# Data
Segment Open
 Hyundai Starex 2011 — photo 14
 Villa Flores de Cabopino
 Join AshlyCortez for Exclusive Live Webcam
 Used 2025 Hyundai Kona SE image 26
Segment Closed
# Exercise brief
The listing above should be returned in full, exactly as shown.

# Task answer
 Hyundai Starex 2011 — photo 14
 Villa Flores de Cabopino
 Join AshlyCortez for Exclusive Live Webcam
 Used 2025 Hyundai Kona SE image 26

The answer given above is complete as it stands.